Give your audience one (or more) eye rest stops in your blog posts.

  • Images – I always encourage placing the image to the
    right. Why?  We read left-to-right. Unless the image IS the story, let
    it be an eye rest. It will enhance – and maybe even compel more
    readership.
  • Bold Text – As scanners, we're flying through text. Especially with longer paragraphs, publish a money quote in bold text.
  • HyperlinksHyperlinks are valuable to everyone involved, and the value for your reader is twofold: 1) They can dig deeper into the subject and 2) the change in text is an eye rest
  • Lists – Short bullet or numbered lists are always good for an eye rest.
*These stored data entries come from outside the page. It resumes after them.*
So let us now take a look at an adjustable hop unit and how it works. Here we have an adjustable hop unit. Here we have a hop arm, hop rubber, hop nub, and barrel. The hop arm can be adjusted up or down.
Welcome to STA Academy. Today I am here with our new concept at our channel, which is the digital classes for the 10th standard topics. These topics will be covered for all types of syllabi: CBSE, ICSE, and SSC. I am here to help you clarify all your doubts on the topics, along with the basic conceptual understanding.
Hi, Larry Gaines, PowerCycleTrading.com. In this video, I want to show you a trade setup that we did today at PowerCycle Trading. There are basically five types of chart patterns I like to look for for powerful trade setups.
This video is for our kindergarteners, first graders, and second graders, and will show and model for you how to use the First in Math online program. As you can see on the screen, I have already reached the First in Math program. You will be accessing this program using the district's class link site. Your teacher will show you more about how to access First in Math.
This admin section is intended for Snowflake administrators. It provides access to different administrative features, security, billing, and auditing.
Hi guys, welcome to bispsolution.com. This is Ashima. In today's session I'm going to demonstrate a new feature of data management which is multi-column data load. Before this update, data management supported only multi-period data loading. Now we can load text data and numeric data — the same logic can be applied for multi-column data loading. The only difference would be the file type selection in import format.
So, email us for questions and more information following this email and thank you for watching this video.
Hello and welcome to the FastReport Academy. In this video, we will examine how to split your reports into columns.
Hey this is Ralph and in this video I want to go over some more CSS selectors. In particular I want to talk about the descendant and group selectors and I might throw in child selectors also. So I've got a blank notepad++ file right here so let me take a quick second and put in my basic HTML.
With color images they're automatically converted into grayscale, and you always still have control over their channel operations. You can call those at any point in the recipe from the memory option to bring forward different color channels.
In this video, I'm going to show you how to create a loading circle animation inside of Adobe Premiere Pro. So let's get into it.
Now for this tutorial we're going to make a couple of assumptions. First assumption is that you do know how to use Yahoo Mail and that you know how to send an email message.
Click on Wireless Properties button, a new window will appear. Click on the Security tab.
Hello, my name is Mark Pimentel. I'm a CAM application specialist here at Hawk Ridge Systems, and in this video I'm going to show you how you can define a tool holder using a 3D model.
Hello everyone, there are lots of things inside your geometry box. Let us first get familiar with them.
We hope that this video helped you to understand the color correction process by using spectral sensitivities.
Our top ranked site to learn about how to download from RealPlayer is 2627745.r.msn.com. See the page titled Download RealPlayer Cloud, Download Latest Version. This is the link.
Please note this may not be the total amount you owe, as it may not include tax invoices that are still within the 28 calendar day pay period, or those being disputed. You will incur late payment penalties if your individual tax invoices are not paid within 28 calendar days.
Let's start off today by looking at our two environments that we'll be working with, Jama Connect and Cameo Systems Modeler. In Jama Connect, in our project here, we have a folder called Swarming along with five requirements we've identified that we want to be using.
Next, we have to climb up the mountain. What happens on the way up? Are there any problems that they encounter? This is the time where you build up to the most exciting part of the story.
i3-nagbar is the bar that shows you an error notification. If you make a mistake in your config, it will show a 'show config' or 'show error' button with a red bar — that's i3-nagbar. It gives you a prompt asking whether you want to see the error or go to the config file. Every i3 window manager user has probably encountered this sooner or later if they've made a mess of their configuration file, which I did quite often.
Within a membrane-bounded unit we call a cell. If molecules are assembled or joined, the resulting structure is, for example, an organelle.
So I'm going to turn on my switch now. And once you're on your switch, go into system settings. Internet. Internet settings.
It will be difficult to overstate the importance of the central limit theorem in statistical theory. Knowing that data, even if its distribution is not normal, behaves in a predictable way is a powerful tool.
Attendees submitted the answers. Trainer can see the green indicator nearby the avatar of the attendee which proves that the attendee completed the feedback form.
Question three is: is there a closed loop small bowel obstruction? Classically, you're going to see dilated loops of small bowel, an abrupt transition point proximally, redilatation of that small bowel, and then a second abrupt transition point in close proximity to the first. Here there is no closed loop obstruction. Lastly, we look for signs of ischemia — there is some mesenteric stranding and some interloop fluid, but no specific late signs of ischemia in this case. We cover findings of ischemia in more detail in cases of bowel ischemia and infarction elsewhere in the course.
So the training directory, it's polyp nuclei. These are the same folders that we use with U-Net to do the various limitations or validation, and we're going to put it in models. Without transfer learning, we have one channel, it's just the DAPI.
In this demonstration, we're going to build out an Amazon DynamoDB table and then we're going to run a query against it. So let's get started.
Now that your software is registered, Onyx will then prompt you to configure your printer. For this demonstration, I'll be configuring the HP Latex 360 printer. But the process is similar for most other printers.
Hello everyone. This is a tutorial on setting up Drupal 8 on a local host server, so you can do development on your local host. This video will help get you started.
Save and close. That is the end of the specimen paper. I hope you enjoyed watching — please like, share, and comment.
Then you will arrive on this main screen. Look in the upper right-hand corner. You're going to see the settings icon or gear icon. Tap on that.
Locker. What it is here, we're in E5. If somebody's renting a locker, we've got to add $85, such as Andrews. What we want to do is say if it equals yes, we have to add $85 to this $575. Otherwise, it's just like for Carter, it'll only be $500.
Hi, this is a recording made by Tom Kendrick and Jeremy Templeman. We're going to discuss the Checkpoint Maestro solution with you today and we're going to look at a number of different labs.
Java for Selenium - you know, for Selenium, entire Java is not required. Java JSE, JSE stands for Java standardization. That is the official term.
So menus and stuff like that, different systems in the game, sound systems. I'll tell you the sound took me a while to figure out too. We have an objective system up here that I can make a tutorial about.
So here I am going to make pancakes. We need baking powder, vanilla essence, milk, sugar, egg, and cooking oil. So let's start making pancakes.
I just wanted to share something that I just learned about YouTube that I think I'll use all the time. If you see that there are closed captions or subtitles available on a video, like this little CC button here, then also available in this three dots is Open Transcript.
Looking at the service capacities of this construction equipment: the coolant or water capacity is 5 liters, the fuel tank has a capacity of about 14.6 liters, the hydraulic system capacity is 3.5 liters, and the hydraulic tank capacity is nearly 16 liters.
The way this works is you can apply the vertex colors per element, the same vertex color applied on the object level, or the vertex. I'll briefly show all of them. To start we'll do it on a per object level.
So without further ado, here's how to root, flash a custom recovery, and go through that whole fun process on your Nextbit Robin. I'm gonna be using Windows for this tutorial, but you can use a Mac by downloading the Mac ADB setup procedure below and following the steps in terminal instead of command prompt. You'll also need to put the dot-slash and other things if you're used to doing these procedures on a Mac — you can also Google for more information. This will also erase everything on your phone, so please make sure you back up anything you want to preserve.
Which article are you more likely to read and remember?

This one:

Lorem ipsum dolor sit amet, consectetuer adipiscing elit. Pellentesque
molestie neque nec ante. Pellentesque dui ipsum, porttitor vel,
placerat sollicitudin, venenatis ut, dui. Praesent erat arcu, molestie
sit amet, interdum in, nonummy pulvinar, nibh. Mauris imperdiet
condimentum nisi. Donec eu turpis non leo nonummy sollicitudin.
Vestibulum ante ipsum primis in faucibus orci luctus et ultrices
posuere cubilia Curae; Integer justo lorem, sodales sed, mollis at,
gravida viverra, diam. Donec nibh leo, scelerisque sed, cursus et,
venenatis scelerisque, erat.

Or this one:

Lipsum07
Lorem ipsum dolor sit amet, consectetuer adipiscing elit. Pellentesque
molestie neque nec ante. Pellentesque dui ipsum, my money is on the second one, venenatis ut, dui. Praesent erat arcu, molestie
sit amet, interdum in, nonummy pulvinar, nibh.

  • Mauris imperdiet
    condimentum nisi.
  • Donec eu turpis non leo nonummy sollicitudin.
  • Vestibulum ante ipsum primis in faucibus orci luctus et ultrices
    posuere cubilia

Curae; Integer justo lorem, sodales sed, mollis at,
gravida viverra, diam. Donec nibh leo, scelerisque sed, cursus et,
venenatis scelerisque, erat.

Give your readers an eye rest. They're more likely to remember what you wrote – and therefore spread your words.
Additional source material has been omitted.